Mismatch between the code and mathematical properties of the functions

duboism commented 10 years ago

Fouad and I have found some difficulties to implement new estimators with parsimony. It's not impossible (therefore we can still aim at releasing 1.0) but some parts are a bit hard to grasp and there is some mismatch between the mathematics and the implementation.

For instance with ExcessiveGapMethod the function must implement the StronglyConvex interface and therefore the parameter method (which returns the strong convexity constant). The problem is that from a mathematical point of view only the smooth part is strongly convex. Therefore, most implementations (for instance RR_SmoothedL1TV in functions.combinedfunctions) simply return g.parameter() (where g is the smooth part). Similar issues may happen with the gradient or other properties.

After discussion with Fouad and Édouard we think it's a bit confusing. The problem is linked with the fact that algorithms expected only one function which then must encapsulate every information. Therefore we wanted to discuss about this (this could cause a lot of changes therefore we should discuss this carefully). We noticed that:

most problems we are interested in are of the form objective = smooth part + non-smooth part (some like CONESTA could need more)
most algorithms really need to access those 2 functions

What do you think of that?

I have some ideas to improve the situation that I can describe in comments but we should probably first agree on the issue.

tomlof commented 10 years ago

Could you specify why this is a problem for you in your current work, when you want to add another estimator?

The possible issue with this design that I see is: What happens if some algorithm in the future requires e.g. gradients from two parts.

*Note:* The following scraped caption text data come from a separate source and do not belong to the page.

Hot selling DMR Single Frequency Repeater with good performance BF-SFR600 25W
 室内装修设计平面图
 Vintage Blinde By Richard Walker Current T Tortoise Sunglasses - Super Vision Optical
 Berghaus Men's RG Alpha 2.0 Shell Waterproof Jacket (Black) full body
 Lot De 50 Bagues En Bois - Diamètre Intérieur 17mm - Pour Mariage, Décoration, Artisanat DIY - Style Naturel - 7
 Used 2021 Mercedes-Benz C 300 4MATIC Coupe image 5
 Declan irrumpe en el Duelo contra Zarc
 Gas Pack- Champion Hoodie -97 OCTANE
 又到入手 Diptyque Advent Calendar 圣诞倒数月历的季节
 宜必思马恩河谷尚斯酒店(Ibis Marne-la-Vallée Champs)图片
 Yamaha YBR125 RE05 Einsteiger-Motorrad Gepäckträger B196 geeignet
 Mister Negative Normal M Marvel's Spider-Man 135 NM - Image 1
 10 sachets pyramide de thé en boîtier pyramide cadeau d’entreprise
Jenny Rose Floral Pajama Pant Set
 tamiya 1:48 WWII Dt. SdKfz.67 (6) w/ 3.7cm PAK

If f = g + h, and the algorithm needs to access both g.grad and h.grad, how should we access those from within the algorithm?

Note that this problem is reduced somewhat if you use the CombinedFunction, since it separates smooth functions and penalties from non-smooth (proximal operators) and constraints (through projections [though, not yet working properly]).

Currently, the idea is to let the (combined) function make the separation between smooth and non-smooth parts (or whatever parts there are), the algorithm should just ask for whatever it needs and the functions provide the "correct" result.

I think the reason for this was to have a unified API for the algorithms as algorithm(function, start_vector). In early versions of the library, some algorithms (e.g. ISTA and FISTA) had the signature algorithm(smooth_function, non-smooth_function, start_vector), but there were problems with that design in terms of polymorphism.

Aaah, I just remembered, the reason this was not working was when we needed to combine properties of two functions. The algorithms became too complex, and unnecessary "cleverness" had to be introduced inside all algorithms. The combined functions (e.g. the combination of LR + L1 + L2 + TV in combinedfunctions.py) was the solution to that problem.

Thus, we have already discussed this and concluded that we needed to create the combined functions ;-) However, it would be great if we could iterate this discussion again, maybe we can think of a better solution!

vguillemot commented 10 years ago

I think I am remembering a discussion about this difference between the Excessive Gap Method and CONESTA/FISTA/ISTA : it has something to do with the fact that both the A matrix and the dual vector for the Excessive Gap method combine the A matrices and dual vectors of the non smooth penalties (e.g. L1 + TV) that is not at all straightforward.

It is maybe more clearly written in sections 3.1 and 3.2 of the CONESTA article : you can see in these sections that it is going to be tricky to include the "lambdas" in a flexible way.

I hope this helps and that I understood correctly.

duboism commented 10 years ago

@tomlof simply speaking the problem is that some functions must implement some interfaces which mathematically don't make sense. For instance RR_SmoothedL1TV is declared StronglyConvex while it's not (only the ridge part is). Of course the implementation is correct but non-intuitive. We have to do the same kind of things in our case.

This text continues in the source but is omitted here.